We were walking by then. I was looking for my place and couldn’t find it. They invited me to join them at a restaurant for a drink. I agreed and we went into a red-theme place — red carpet and bar, red leather seats, red lights, red walls and curtains, red neon. As we chatted, the tall one went off for our drinks and the short one said that he hoped I was serious about what I said about the book and that I wasn’t just going along with them.

I told him, no, and we started chatting about racing. I told him that the late sixties and early seventies had captured my deepest racing interest. I enjoyed the three-liter Formula 1 cars of that age, especially Lotus and the 72, but also the Tyrrells, the Indy cars dominated by the Offy and Ford engines, the sports-racing cars of LeMans like the Chaparral 2D, and the Can Am cars like the McLarens, the Lola T70, and the 2J. (Yes, I actually said all of this in the dream.) They remarked with smiles that it sounded like I really knew my cars. The tall one said, “You should meet my sister.”

We’d finished our drinks and I decided to go. The dream’s final sequences involved me retracing my steps, looking for where I was staying, and then finding it.

Dream end. It was all quite vivid and sharply remembered.

The Four Buildings Dream

I was alternatively and seamlessly at different stages in my life, from teenager to middle age. I was going through four dull brown monolithic buildings. Almost featureless, their outside corners were hard right angles. They reminded me of huge parking garages, but they teemed with people.

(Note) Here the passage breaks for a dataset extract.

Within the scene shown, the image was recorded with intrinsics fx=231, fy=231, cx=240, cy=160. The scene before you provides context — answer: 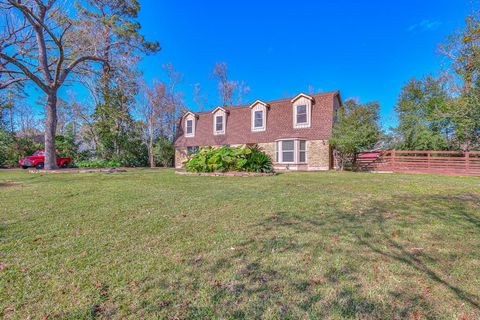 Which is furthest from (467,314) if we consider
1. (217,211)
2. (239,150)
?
(239,150)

As I went through them, I realized the buildings were familiar. Navigating them, getting lost, finding my way again, I realized that two were schools and one was retail stores, like a giant mall. Traversing the steps to different levels, finding my way through the buildings, I’d get lost and take wrong turns and circle back, searching for the right way to go. Doing this, I became more familiar with the layouts. Some was new information being learned or realized, while more came from dredging up memories. I realized that the fourth building were floors and rows of offices and cubicles, the corporate world.

Deciding I had a semblance of understanding about the arrangements, I began searching for familiar places and faces. I sometimes glimpsed people in the crowds who I thought I knew. The buildings were always so crowded and busy, and everyone was rushed and harried. Becoming firmer about my commitment and more convinced about where I wanted to go, I entered a long and tall but quiet and empty room.

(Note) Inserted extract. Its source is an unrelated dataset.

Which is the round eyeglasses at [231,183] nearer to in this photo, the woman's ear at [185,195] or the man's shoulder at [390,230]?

A tall flight of black metal stairs was available in the room’s middle. I went up the stairs. Inside were three women. As I walked around, they asked, “Who are you?” Without letting me answer, one said, “Maybe you can help.”

As she said this, another said, “I’m not getting anywhere. Maybe he can try.”

I recognized the three women as RL blogging friends. I’d never met them but knew them online. They were at a workbench. Some electronic device was in pieces on it. “Here, come here,” one ordered. “You try. We’re supposed to use this to analyze but it’s not working. You try.”

I didn’t understand what they were talking about. I asked, “Analyze what?” I had an impression it was to locate guns being fired but then changed that idea to the device being something about interpreting people’s moods.

The one woman was talking fast about their efforts to use the device and putting it back together while she spoke. When she finished putting it together, she stopped talking and shoved it at me.

I protested and scoffed. “I have no idea what this is. What makes you think I can fix it?”

They urged me, “Just try.”

I bent down, figured out how to turn the thing on, and began messing with switches, dials, and buttons. A male voice was immediately heard.

“You did it,” the women said. “You fixed it.”

I was shaking my head, answering them, “I didn’t fix it, I didn’t do anything. I think you might have fixed it when you put it back together.”

They hugged and thanked me. I kept protesting that I hadn’t done anything and then left going back down the stairs.

Knowing where I was in relation to the buildings, I decided to visit my elementary and high schools. Taking different stairs, I left one building and entered another.

No, that wasn’t right. I reversed course and tried again. Coming down stairs, I entered a place I knew as my high school. I immediately spotted a number of people who’d worked for me during my life. “There you are,” one said. “I’ve been wanting to talk to you about this book. You said it was a good read. This is turgid, dull, and flat. I wanted to kill myself reading it.”

I laughed, pleased to see him, shaking his hand. “It is a good book but it might not be the book for you.” I began going on about different tastes and expectations. While I talked, another person came up. This was Howard, from “The Big Bang Theory”. He said, “I thought it was a good book. I enjoyed it, although I thought there were places where it needed help.”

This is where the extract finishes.